▶ _WHAT IS BEING ASKED_: In your output, repeat each entry exactly and include no pictures.

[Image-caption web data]
_ _ _ _

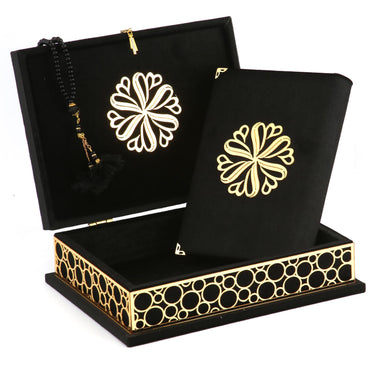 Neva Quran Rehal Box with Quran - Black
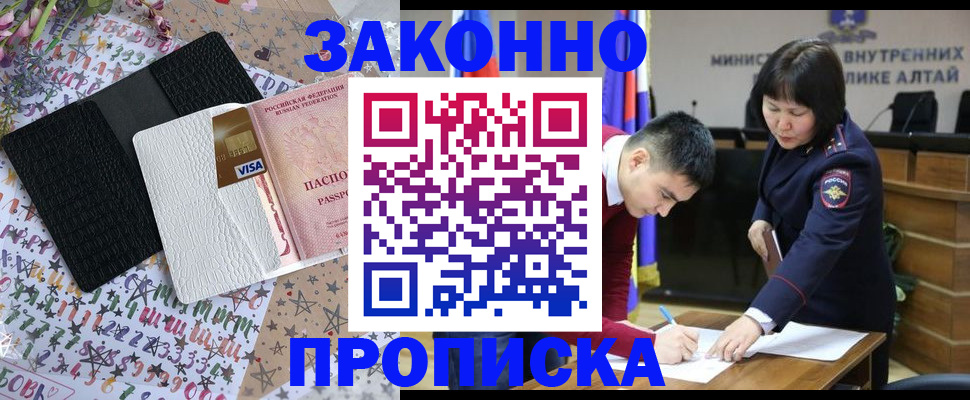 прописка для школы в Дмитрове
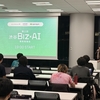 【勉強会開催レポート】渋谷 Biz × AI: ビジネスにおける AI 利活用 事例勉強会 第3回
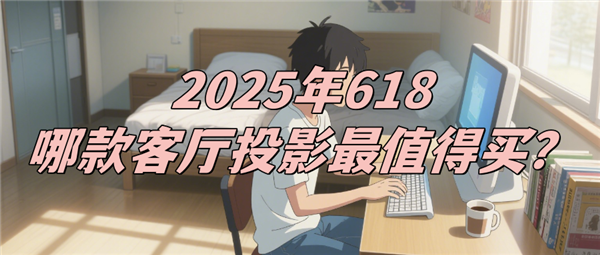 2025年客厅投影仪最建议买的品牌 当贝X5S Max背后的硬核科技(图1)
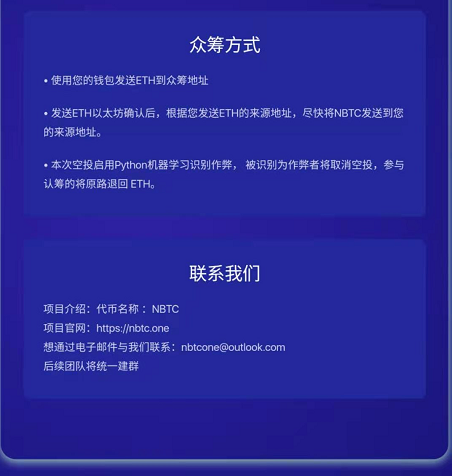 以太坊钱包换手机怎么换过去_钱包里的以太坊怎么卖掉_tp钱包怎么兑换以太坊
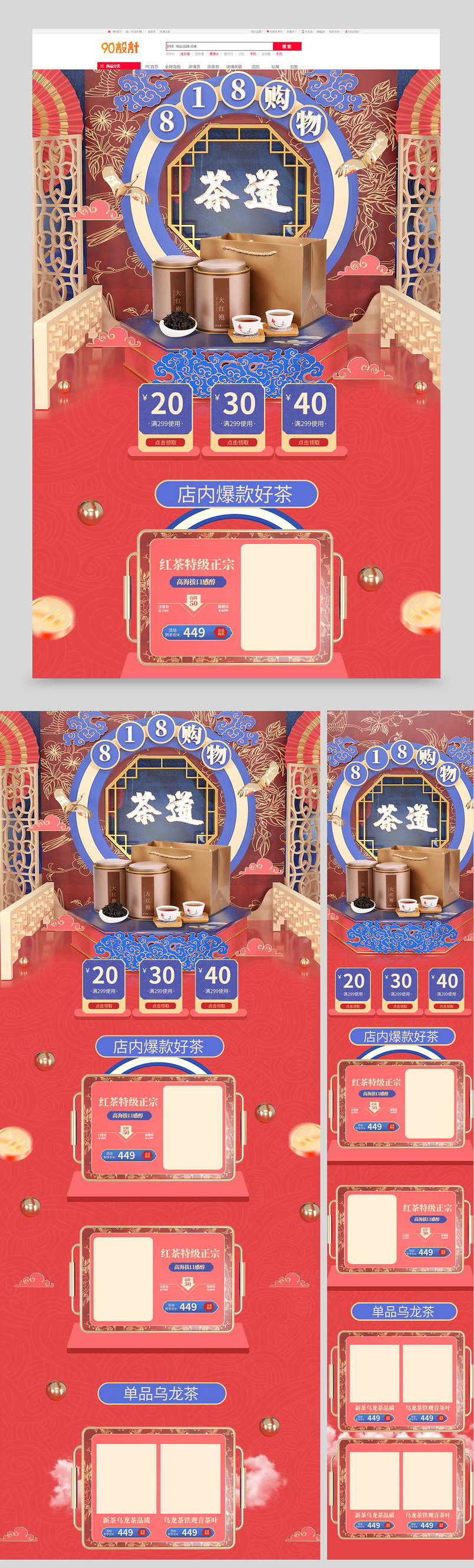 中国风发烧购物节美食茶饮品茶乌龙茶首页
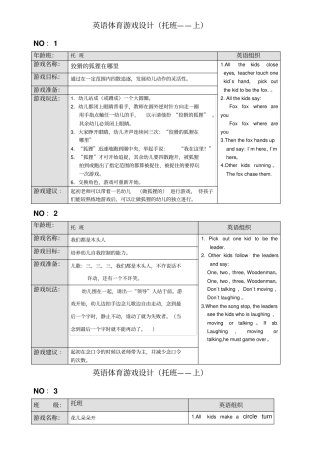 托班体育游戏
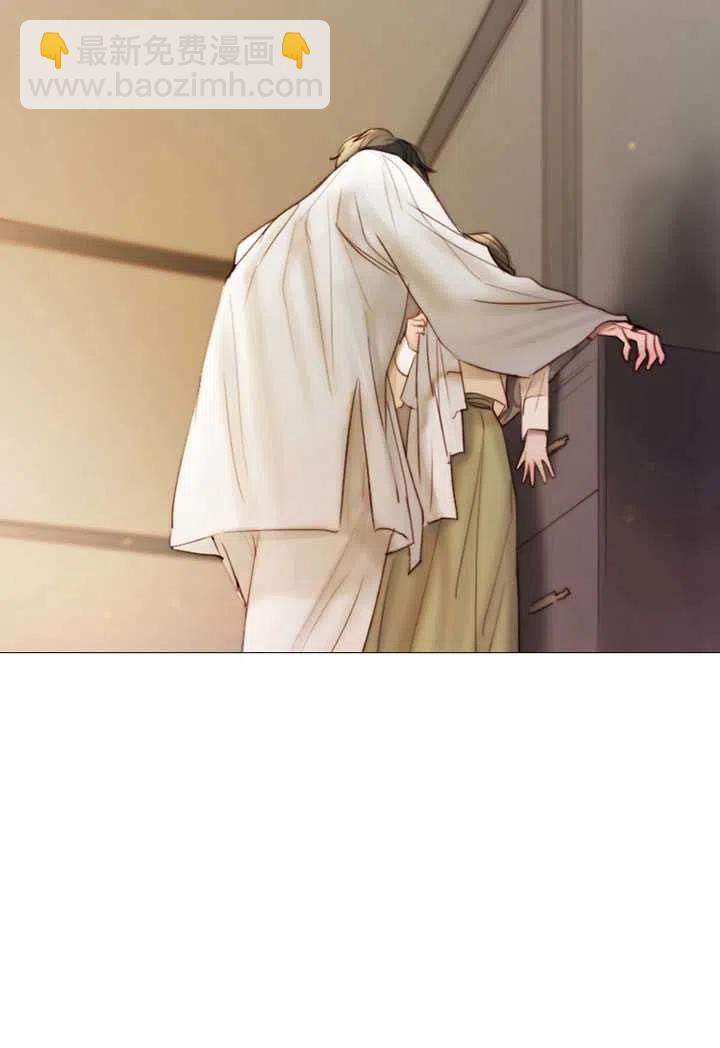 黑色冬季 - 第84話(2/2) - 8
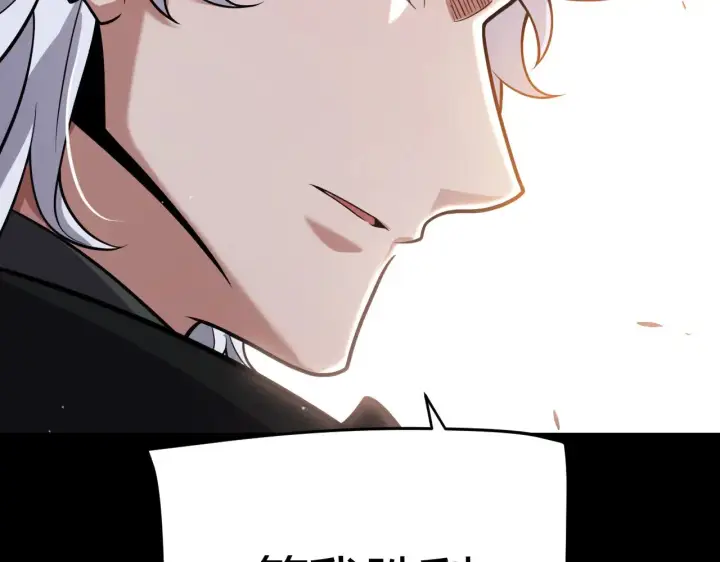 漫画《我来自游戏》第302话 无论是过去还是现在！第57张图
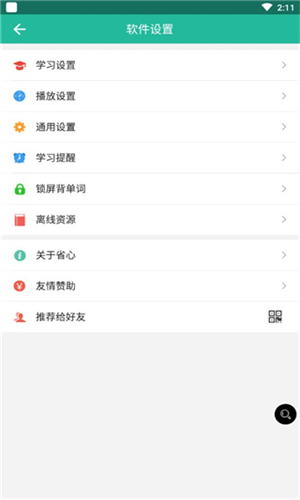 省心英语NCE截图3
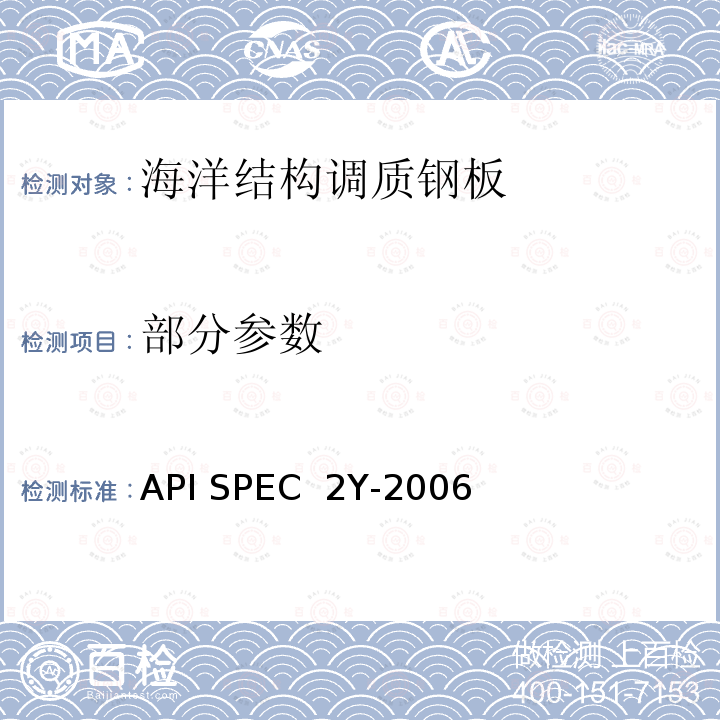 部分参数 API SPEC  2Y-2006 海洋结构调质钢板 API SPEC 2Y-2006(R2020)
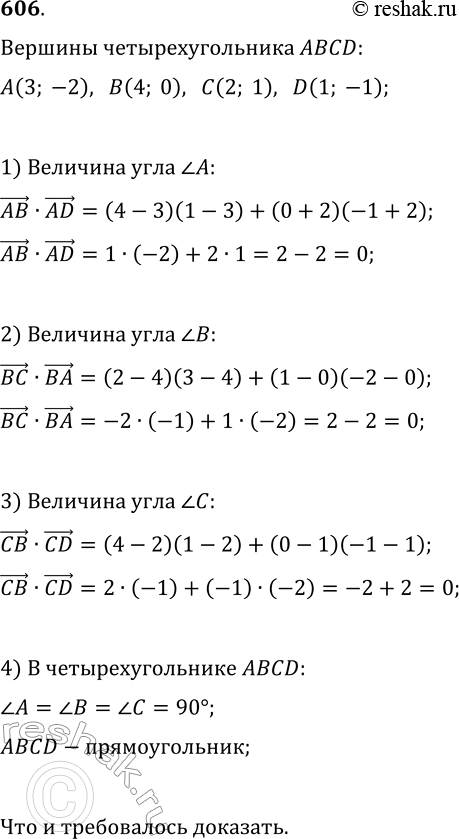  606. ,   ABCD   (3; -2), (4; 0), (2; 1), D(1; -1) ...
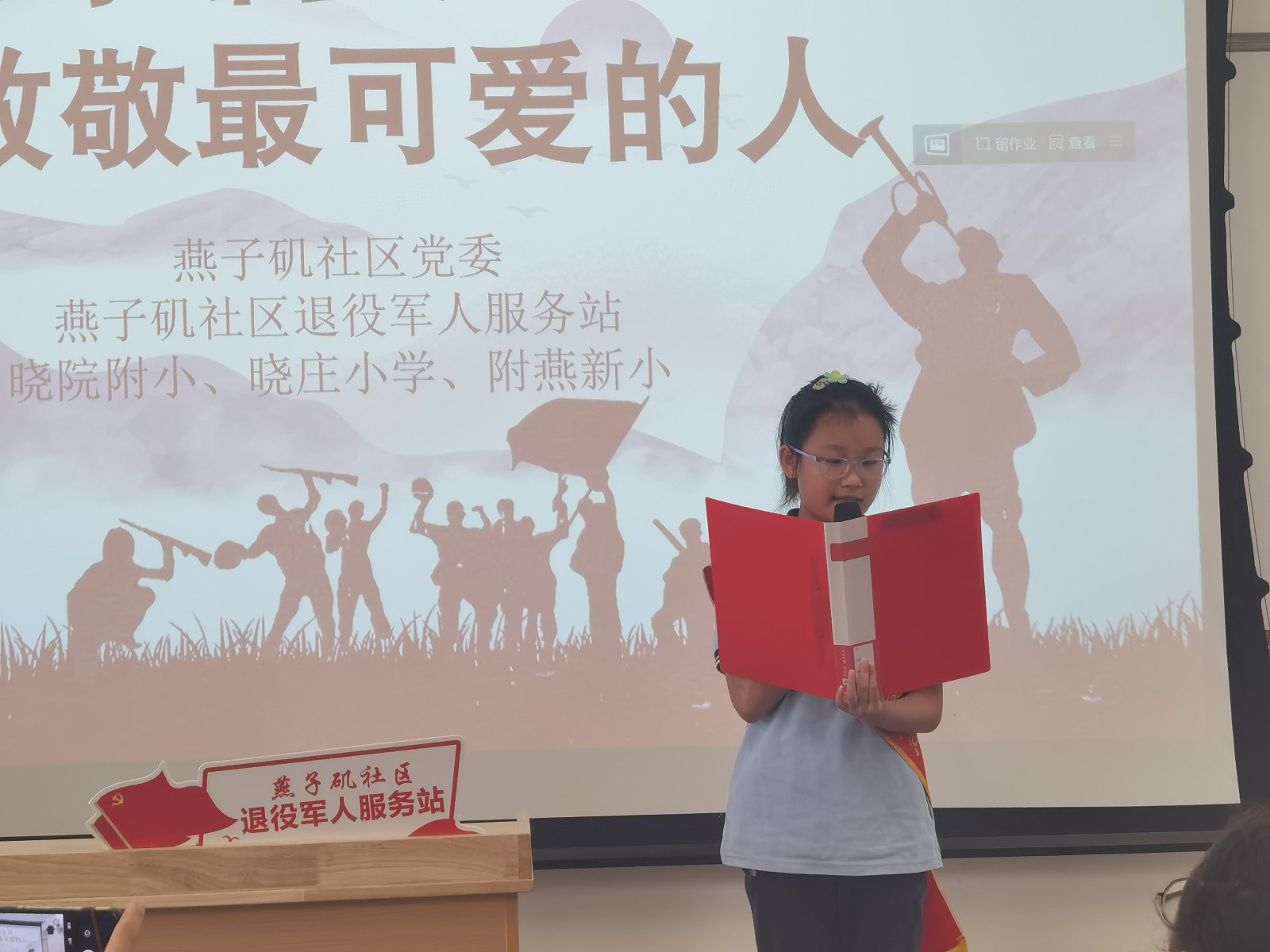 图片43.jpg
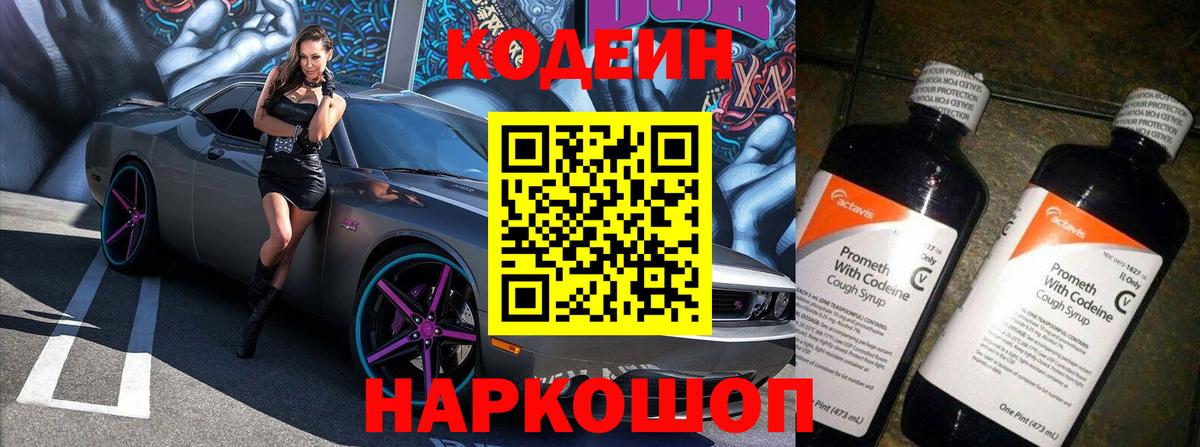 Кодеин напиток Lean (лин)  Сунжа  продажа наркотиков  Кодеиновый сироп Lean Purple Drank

_ _ _ _

▶ _EXERCISE RESPONSE_:
 Neva Quran Rehal Box with Quran - Black
 прописка для школы в Дмитрове
 【勉強会開催レポート】渋谷 Biz × AI: ビジネスにおける AI 利活用 事例勉強会 第3回
 2025年客厅投影仪最建议买的品牌 当贝X5S Max背后的硬核科技(图1)
 以太坊钱包换手机怎么换过去_钱包里的以太坊怎么卖掉_tp钱包怎么兑换以太坊
 中国风发烧购物节美食茶饮品茶乌龙茶首页
 托班体育游戏
 黑色冬季 - 第84話(2/2) - 8
 漫画《我来自游戏》第302话 无论是过去还是现在！第57张图
 省心英语NCE截图3
 部分参数 API SPEC  2Y-2006 海洋结构调质钢板 API SPEC 2Y-2006(R2020)
  606. ,   ABCD   (3; -2), (4; 0), (2; 1), D(1; -1) ...
 图片43.jpg
 Кодеин напиток Lean (лин)  Сунжа  продажа наркотиков  Кодеиновый сироп Lean Purple Drank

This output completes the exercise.